FLOPs/token/layer for Qwen3-8B (4096 hidden, 12288 MLP, 32 heads, 128 head_dim):
Per-token compute (decode with cache): ~234 MFLOPs / token / layer
Per-step recompute (no cache, L=1024): ~234 MFLOPs * 1024 ≈ 240 GFLOPs / step / layer
Speedup at L=1024: ~1024× (roughly: linear in context length)
The KV cache turns generation from O(L²) per step into O(L) per step. The whole reason "fast inference" is even feasible.
1.6 The smoke harness
Loading both your model and HF simultaneously OOMs on a 24-32 GiB GPU (Qwen3-8B bf16 ≈ 16 GiB each). Load sequentially:
def run_ours(prompt_ids):
model = load_model(MODEL_DIR); model.eval()
out = our_greedy(model, prompt_ids, N_NEW).cpu()
del model
gc.collect(); torch.cuda.empty_cache(); torch.cuda.synchronize()
return out
def run_hf(prompt_ids):
hf = AutoModelForCausalLM.from_pretrained(MODEL_DIR, torch_dtype=torch.bfloat16).cuda().eval()
hf_out = hf.generate(prompt_ids[None], do_sample=False, max_new_tokens=N_NEW)

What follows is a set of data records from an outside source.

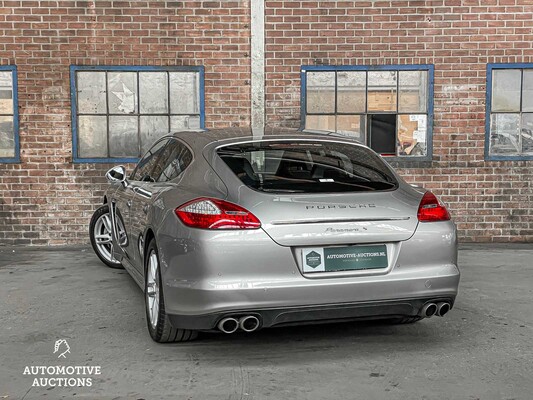 Porsche Panamera S 4.8 V8 400pk 2010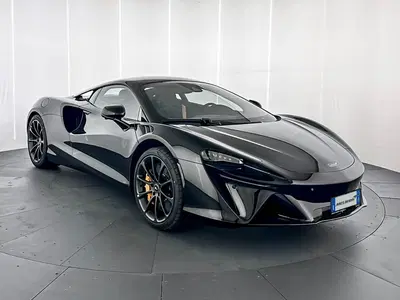 McLaren Artura Coup&eacute; 3.0 ssg8 nuova a Milano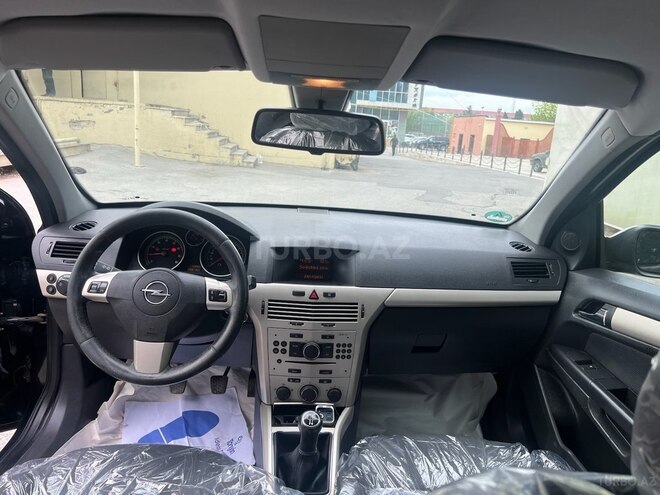 Opel Astra 2007, 215,000 km - 1.4 l - Bakı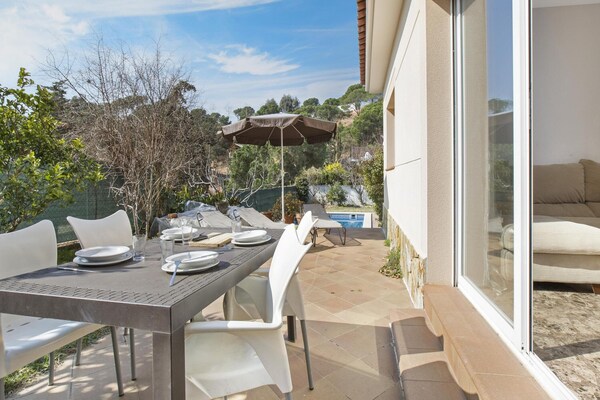 Foto van Villa in Lloret de Mar met Zwembad & Uitzicht - Vakantiehuis in Lloret de Mar - TerraceBalcony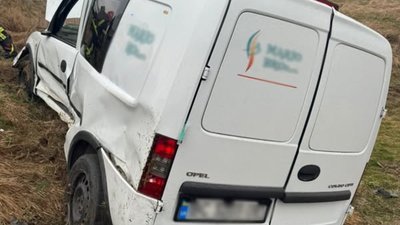 У ДТП на Львівщині водій автомобіля з'їхав у кювет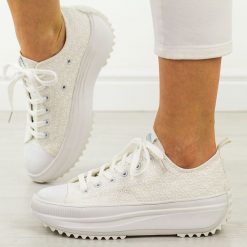 Białe sportowe buty damskie na platformie Lee Cooper 3465. Białe obuwie sportowe damskie Lee Cooper, na lato, bez wzorów, z jeansu, bez zapięcia. Za 229.00 zł.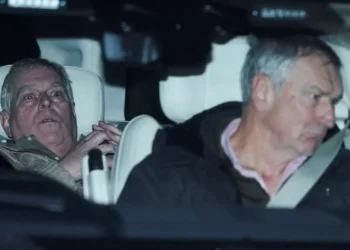 Governo ponderar retirar André da linha de sucessão ao trono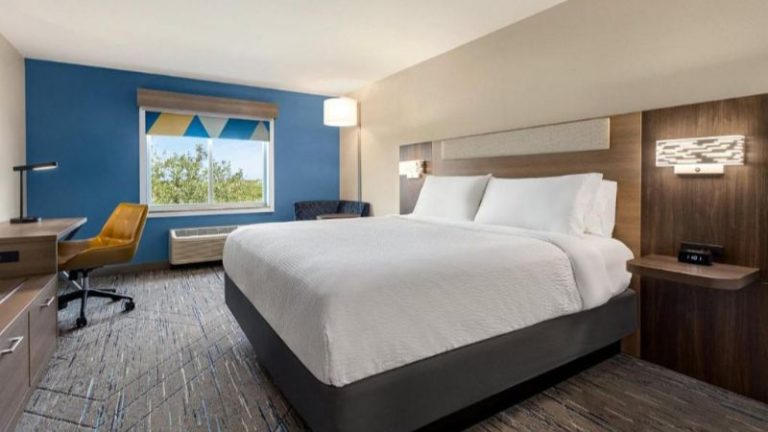 Holiday Inn Express & Suites Albany Airport Area – Latham, an IHG Hotel
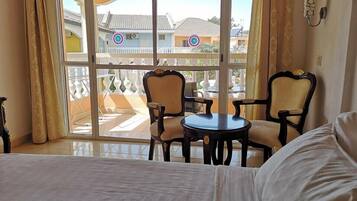 スタンダード ダブルまたはツインルーム | 高級寝具、ミニバー、セーフティボックス (室内)、デスク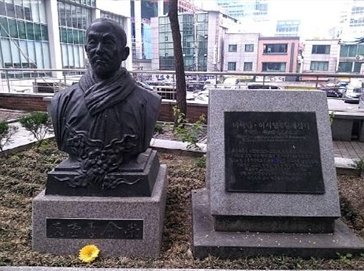 우당 이회영 선생 기념비. 명동 YWCA회관 옆 '이회영 이시영 6형제 집터' 에 위치해있다.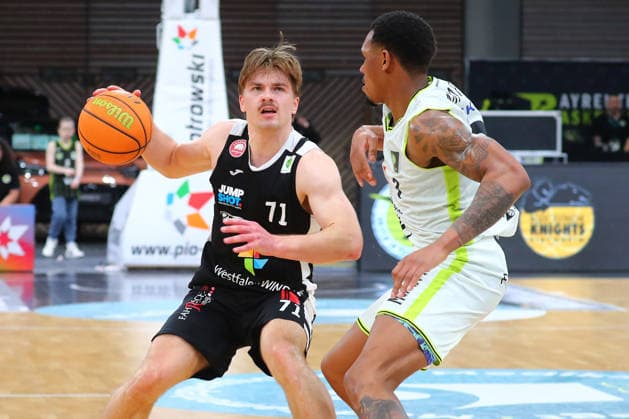 18 Matchday of the Basketball 2 Bundesliga ProA in the Oberfrankenhalle in Bayreuth Season 2025 2026 BBC Bayreuth vs Paderborn Baskets Rayshawn Mart BBC Bayreuth 3 right Jonathan Klussmann Paderborn Baskets 71 left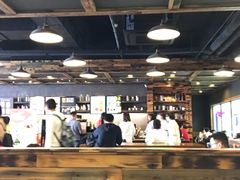 大堂-星巴克臻选(青岛麦凯乐分店)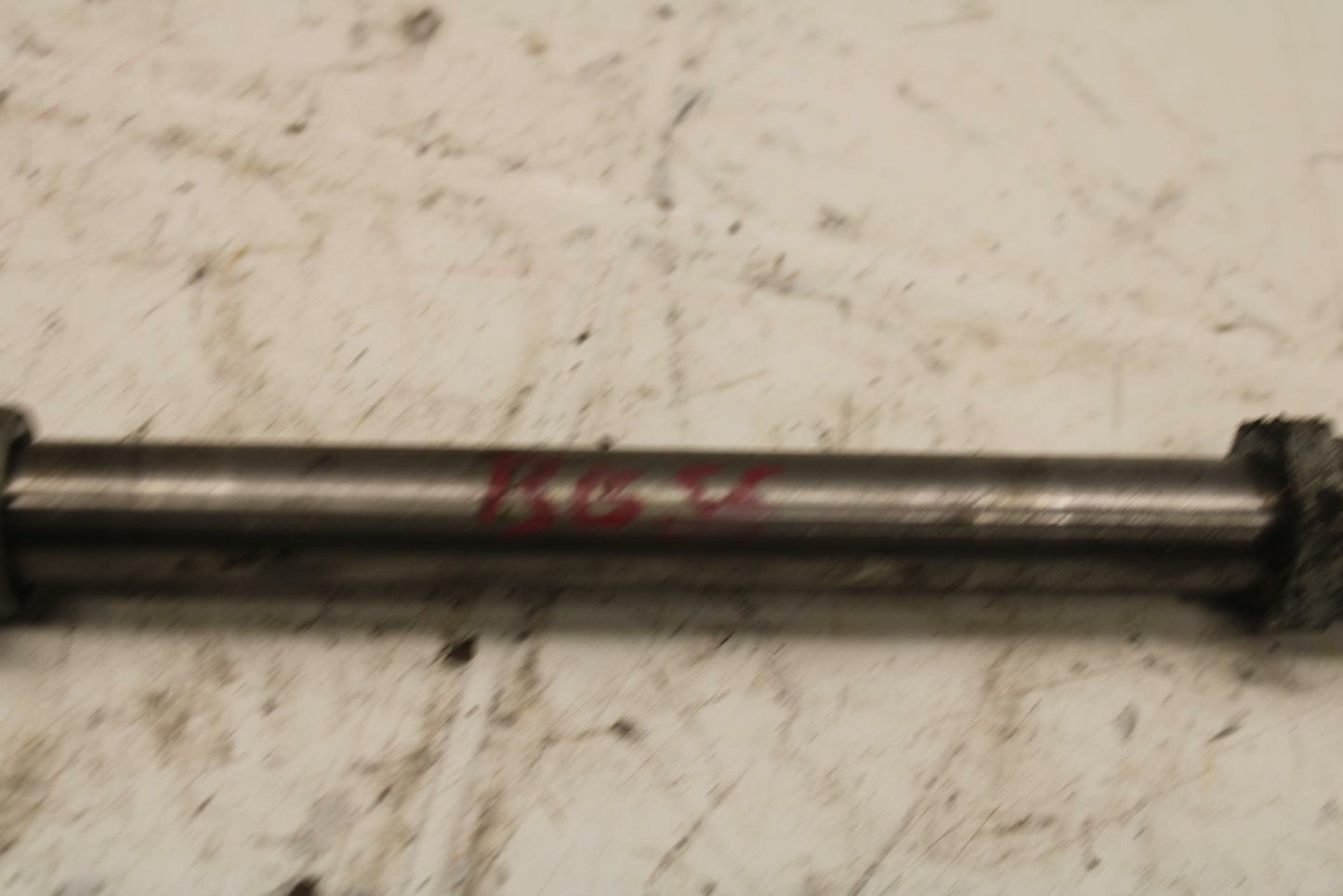 72 HONDA CB500 K1 FRONT WHEEL RIM AXLE PIVOT BOLT BB24
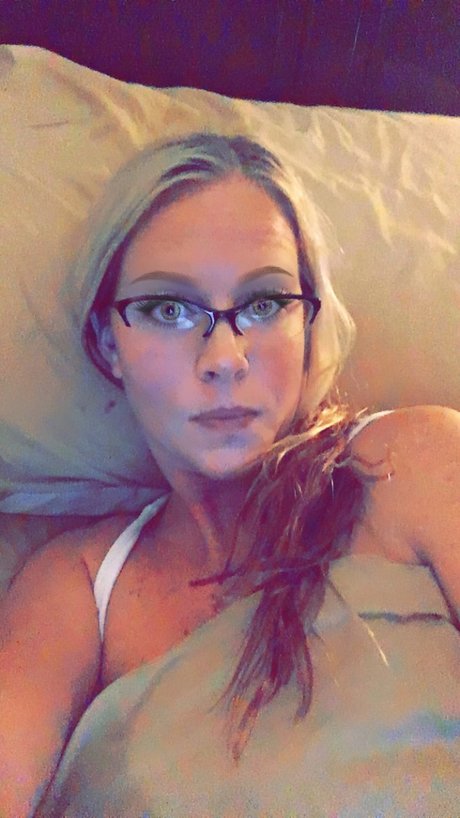 Nikki Lynx top sexy foto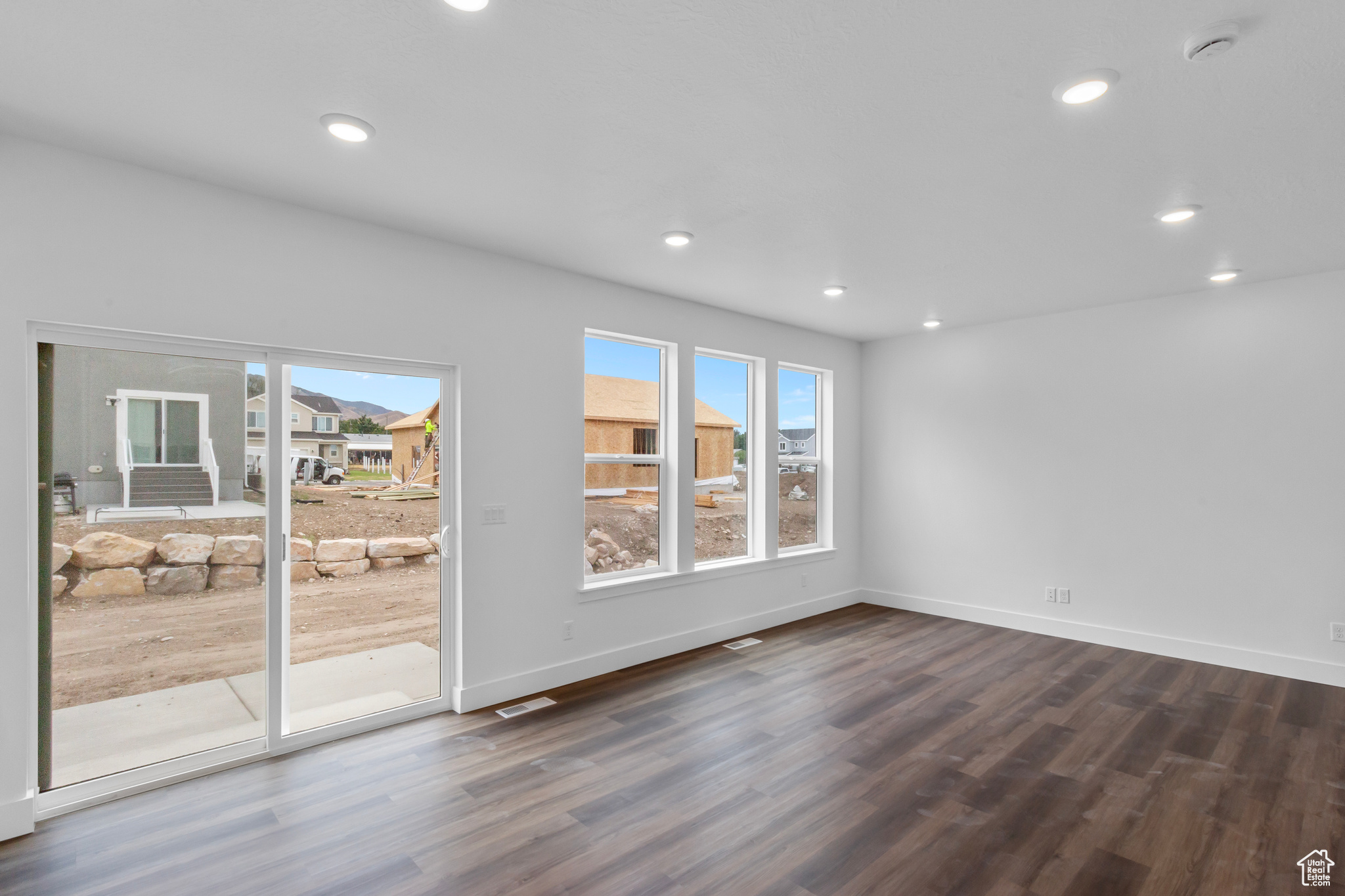 NORTH POINT - Residential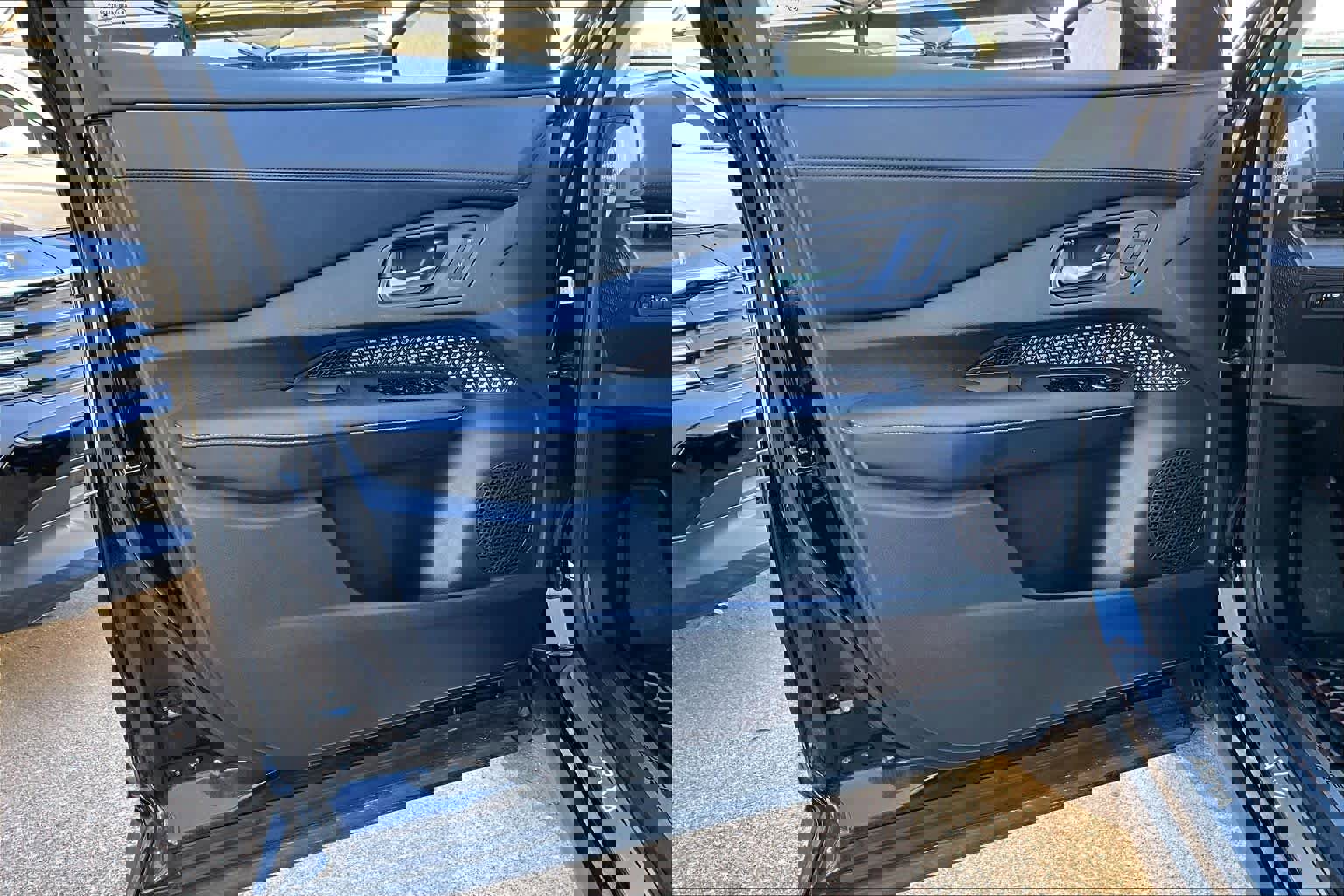 Used 2023 Nissan Ariya AWD image 24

out = hf_out[0, prompt_ids.numel():].cpu()
del hf, hf_out
gc.collect(); torch.cuda.empty_cache(); torch.cuda.synchronize()
return out
1.7 Acceptance
L1 pass criteriaour_ids == hf_idsbit-equal for 20 greedy tokens on"The capital of France is". Expected:[12095, 13, 576, 6722, 315, 9625, 374, 12095, 13, 576, 6722, 315, 9625, 374, 12095, 13, 576, 6722, 315, 9625]→ "Paris. The capital of France is Paris. The capital of France is Paris. The capital of France".
1.8 Debug log (real bugs we hit)
- RoPE precompute parens. See 1.4 above. Symptom: token 0 OK, all later tokens wrong. Lesson: when math drops to fp32 from a paper, parenthesize the exponent.
- RMSNorm cast order. Multiplying
weight.to(fp32) * x32and then casting back is not the same asweight * x32.to(in_dtype)for HF parity. Match HF's order. - VRAM blowup. Sequential loading required.